[Provided material]
»»

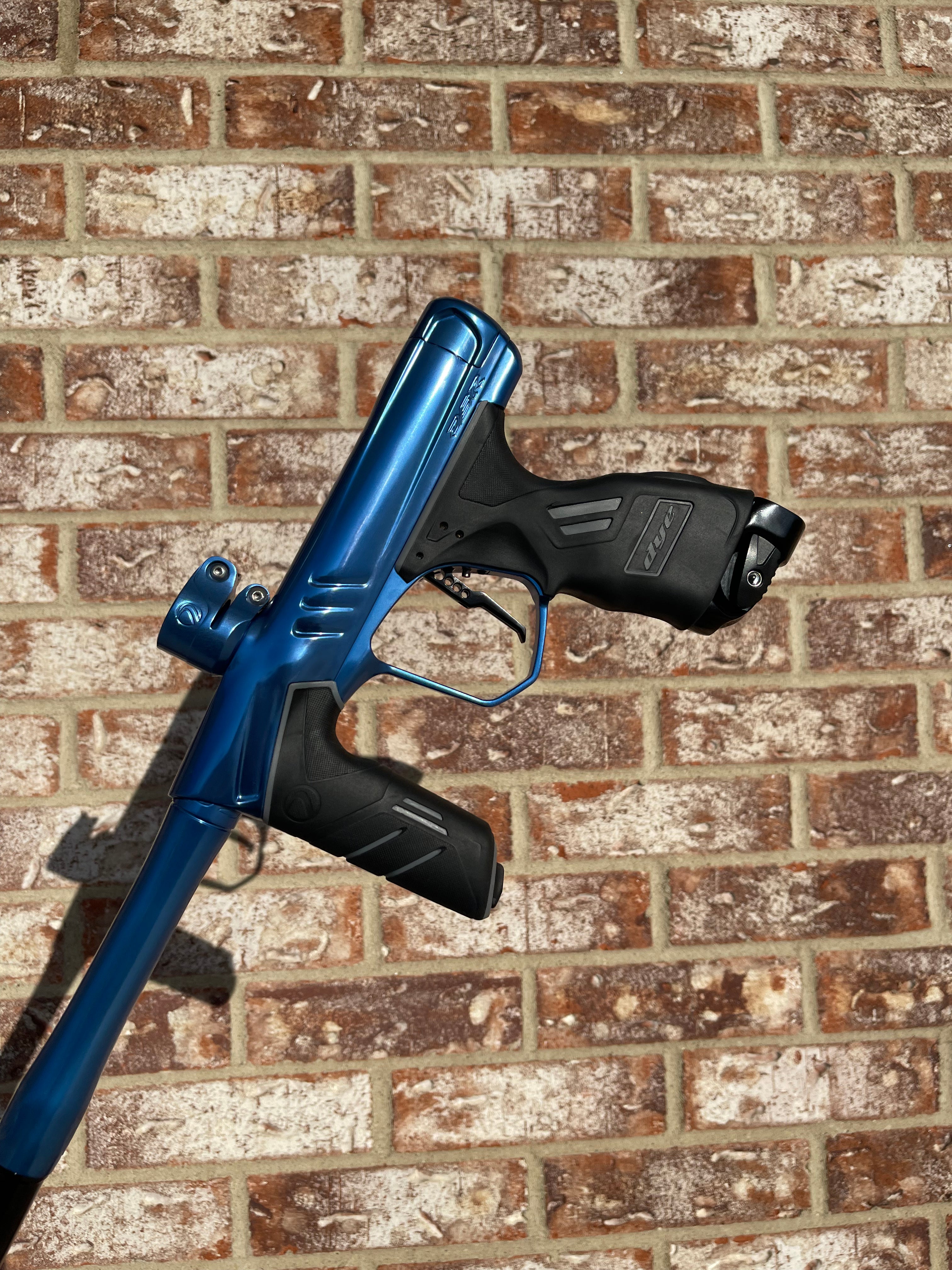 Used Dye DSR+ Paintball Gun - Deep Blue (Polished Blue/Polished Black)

««
»»

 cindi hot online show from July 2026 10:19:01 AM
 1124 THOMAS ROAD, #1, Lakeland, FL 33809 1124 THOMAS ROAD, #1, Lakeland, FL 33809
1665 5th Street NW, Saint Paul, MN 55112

««

[Problem requirements] Once you find the line with "cindi hot online" in the entries above, output it and each line after it up to and including the line with "1665 5th Street NW, Saint Paul, MN 55112", and nothing else.

[Answer space]
 cindi hot online show from July 2026 10:19:01 AM
 1124 THOMAS ROAD, #1, Lakeland, FL 33809 1124 THOMAS ROAD, #1, Lakeland, FL 33809
1665 5th Street NW, Saint Paul, MN 55112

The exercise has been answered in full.